Modern programming languages like Lisp, Java, Python, Prolog, Haskell and Factor all have some form of garbage collection built-in, whereas C, C++ and Forth require explicit freeing of unused memory.* Because all heap-allocated data is handled by the garbage collector (and stack allocation is rarely, if ever, used), garbage collector performance has an impact on all programs written in a language with GC.

For this reason, a lot of effort has been put into maximizing throughput (the amount of time spent not doing garbage collection), and more recently, minimizing the length of individual pauses, possibly at the expense of some throughput. Other good things a garbage collector can do is improve locality (for both cache and virtual memory paging purposes), reduce memory fragmentation, and provide for fast allocation. When everything is considered, a well-constructed garbage collector can actually make a program have greater throughput than manual memory management. When there's efficient allocation, then programmers can be free to use higher-level techniques. First, let's look at the simplest garbage collection algorithms.

Reference counting—the naive algorithm

Here's a pretty easy way to automatically collect unused memory. Put a counter on each object, signifying how many outside references there are to this object. When it gets to zero, you know there are no references to it, so it can be deleted. When another object starts referencing that object, it needs to increment the reference count by one. When it stops referencing it, the referrer needs to decrement the reference count.
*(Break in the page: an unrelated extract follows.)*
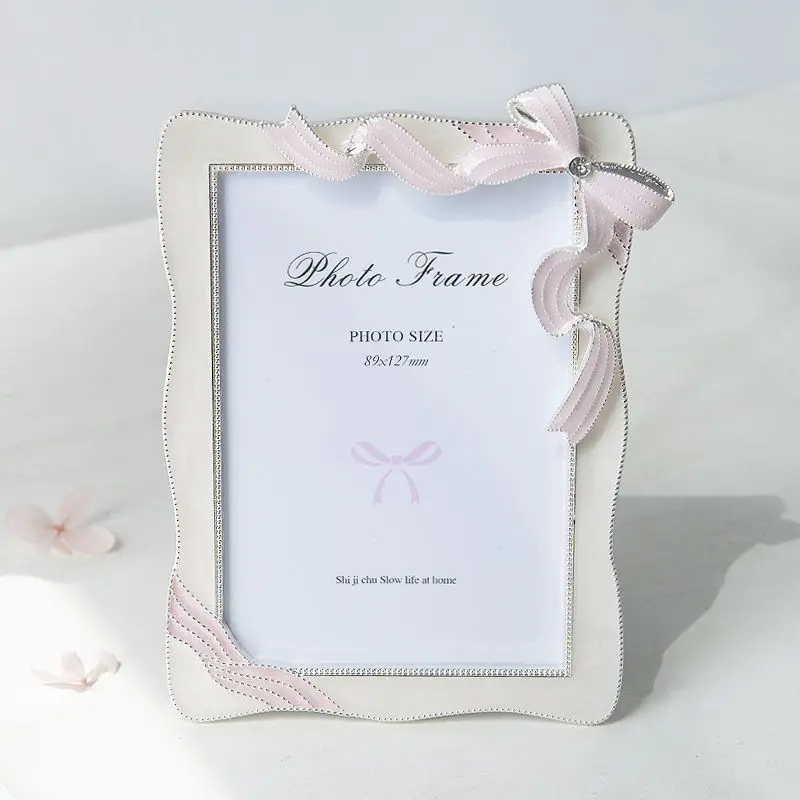 Bow streamer photo frame exquisite ornament 5 inch 7 inch metal couple birthday gift table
This adds just a little overhead: at each read of a pointer, you may have to increment the reference count. But this cost is distributed throughout the program, and it's not that great; no noticeable pause is caused. Another piece of overhead is that each reference-counted object has to have a counter which is as big as a a pointer, since potentially, everything in memory points to a particular object. In practice, it doesn't need to be made this big for most applications, but in the case of overflow, you need some other mechanism to clean up the mess.

There's a bigger problem, though. Reference counting fails to collect cyclic data structures. Say I have a doubly linked list, or a tree with parent pointers. Then simple reference counting will fail to delete it when there are no outside references. Here's why: say we have three objects, A, B and C. A points to B. B points to C. C points to B. There are no other pointers to B and C. We'll assume A is a local variable, so its reference count is 1. B's reference count is two, since A and C point to it. C's reference count is 1 since A points to it. When A goes out of scope and stops pointing to B, then B's reference count will be decremented. So B and C will have a count of 1 and they won't be deleted!

There are a couple different ways to deal with this. One is to detect cycles some time. This isn't so good because cycles might be kinda long, and you don't want to go chasing pointers around unless you know where you're going. There's no good way to do this. Another way is to use a hybrid technique, where cycles are collected with something which doesn't have this weirdness. The easiest way to do this is with partial mark-sweep collection.

Ensuring soundness with mark-sweep

Another way to go about this is to just allocate memory as normal, without worrying about freeing it, until we run out of memory. At that time, you can scan the heap and free everything that's not being referenced.

Say that each object has a mark bit, determining whether it's being referenced. At the beginning of the heap scan, every mark bit is set to zero. Then, we do a depth-first search of the heap, starting at things that we know have references to then, and at each item we visit, we set the mark bit to 1. After the marking process is done, we can scan through the heap again and add everything that's not referenced to the free list.

One problem with this is that the stack space needed for the depth-first search is, potentially, as big as all of the memory. Even if you don't use the host programming language's stack and instead use a manually-maintained stack, things might not always work out. So the Deutsch-Schorr-Waite algorithm uses the space inside the pointers themselves to store what to do next. It uses pointer reversal during the depth-first search: each object has a flag bit to determine whether it's reversed or not, and when it's visited, it is changed to a pointer to its referent after reading its value and deciding to recurse on it. Pointer reversal is somewhat expensive, but it comes with a constant space guarantee, which is valuable.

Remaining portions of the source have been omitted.